(The Center Square) – The United Auto Workers strike began against the Big Three Automakers in Detroit as workers seek better pay and fewer working hours – a historic walkout.

UAW president Shain Fain said members will go “all-out” if they need to in this strike against Ford, Stellantis and General Motors.

“Tonight, for the first time in history, we will strike all of the Big Three at once,” Fain said in a livestream video. “We are using a new strategy- the stand-up strike at select facilities.”

Fain said the new strategy will improve bargaining power. The UAW initially sought wage increases of as much as 46% over four years, cost-of-living adjustments, pensions and retiree health care for all workers and a 32-hour work week paid as 40 hours.

He called on certain local units to walk out, including at Ford Motor’s Michigan Assembly Plant in Wayne. Fain called for UAW members to rally at the UAW Ford building in downtown Detroit. The UAW represents about 146,000 workers employed by the Big Three.

This is our generation’s defining moment,” Fain said. “The money is there. The cause is righteous. The world is watching and the UAW is ready to stand up.”

In 2019, the UAW went on strike for 40 days.

Michigan House Speaker Joe Tate, D-Detroit, encouraged the groups to reach a “swift resolution” and deliver a “fair contract.”

“The auto industry is Michigan’s legacy and its future, and there is surely a path forward that ensures our workers and our economy can continue to thrive,” Tate said in a statement.

Abhi Rajendran, an adjunct scholar at The Center on Global Energy Policy at Columbia University, posted on social media that the labor struggles were one of many challenges to reaching net zero greenhouse gas emissions through electric vehicle expansion.
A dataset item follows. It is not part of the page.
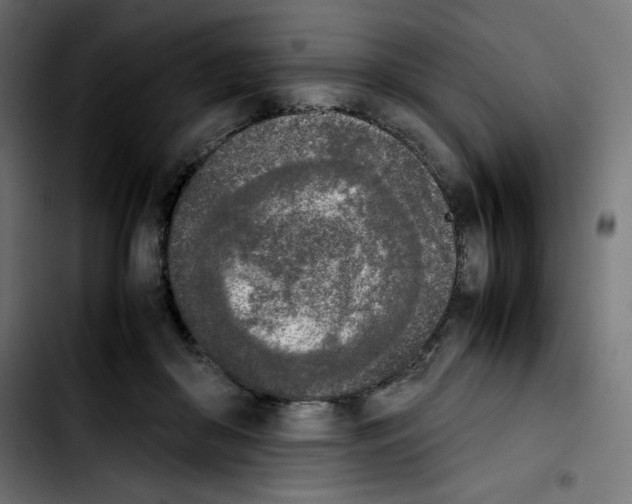 X0000103900410200810311414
“From the beginning, the #ElectricVehicle expansion was never well thought out (especially the favorite words “just and equitable”). Not the US but also Europe are now finding out the hard way how it impacts all stakeholders #Netzero is [not gonna make it], time for reality path.”

“Just another piece of evidence that these EV goals are just not going to happen,” Rajendran continued. “Along with, you know, that the vast majority of [America] just isn’t interested.”

An analysis from the Anderson Economic Group says a 10-day walkout on this scale could lead to $5 billion in lost economic activity for the auto industry.

“In 2023, there is the potential that a strike could involve more manufacturers, more workers and more plants,” AEG Principal and CEO Patrick Anderson said in the report. “If that happens, even a short strike would impact economies throughout Michigan and across the nation.”